Brazilian President Lula Talking to reporters before embarking for Washington, Brazilian President Luiz Inácio Lula da Silva said on Friday that counteracting the global credit crunch and preventing a wave of protectionism will be high on the agenda when he meets US President Barack Obama this Saturday, March 14.

The Brazilian leader said that he is hopeful about the Obama administration's ability to lead the United States out of the worst economic crisis since the Great Depression.

"The biggest problem right now is the absence of credit. Money has disappeared. So what I want to discuss with President Obama, in a frank way, is what to do to re-establish credit around the world," he said, without providing further details.

Lula who on Saturday will become the first Latin American leader to meet Obama at the White House, said the US was to blame for causing what he called the "biggest financial disaster we've ever seen."

But he stressed that he was confident that the United States would bounce back from the crisis if it moved swiftly to overhaul its financial system so that it serves society as a whole and not just a select group of Wall Street financiers.

"We have help to root the United States," Lula said. "I'm very optimistic about the possibility of the US finding a way out (of the crisis) soon."

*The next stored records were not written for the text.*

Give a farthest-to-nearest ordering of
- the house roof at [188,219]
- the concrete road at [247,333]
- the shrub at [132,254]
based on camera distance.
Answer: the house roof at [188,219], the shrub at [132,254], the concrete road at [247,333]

Lula said he would urge Obama to push for a completion of the Doha Round of global trade talks and to resist the temptation to resort to protectionist measures.

"We need to discuss the Doha Round. We need to make it clear that protectionism can offer some short-term relief, but in the medium term, it can cause a disaster in the world economy," he said. "Brazil is against the return of protectionism."

As a major exporter of farm goods and natural resources such as iron ore, Brazil is a fierce advocate of tearing down trade barriers in rich nations as a means of generating prosperity in the developing world.

"I'm also very optimistic about the coming G20 summit in London next April 2," said the Brazilian president who expects to talk to the leaders of the world's main economies.

"In London I will be talking to (Chinese president) Hu Jintao and (India Prime Minister) Singh, and all this is possible because of the G-20 and that is why I'm optimistic and a strong believer in a way out."

Lula said that with Obama and at G-20 he will defend the idea that "protectionism can help momentarily but in the mid term is disastrous for the local economy and the world."

He also underlined that "rich countries must learn to look after their banks; they must have strong regulations so we can be sure that the financial system is linked and working for the production sector, the real economy."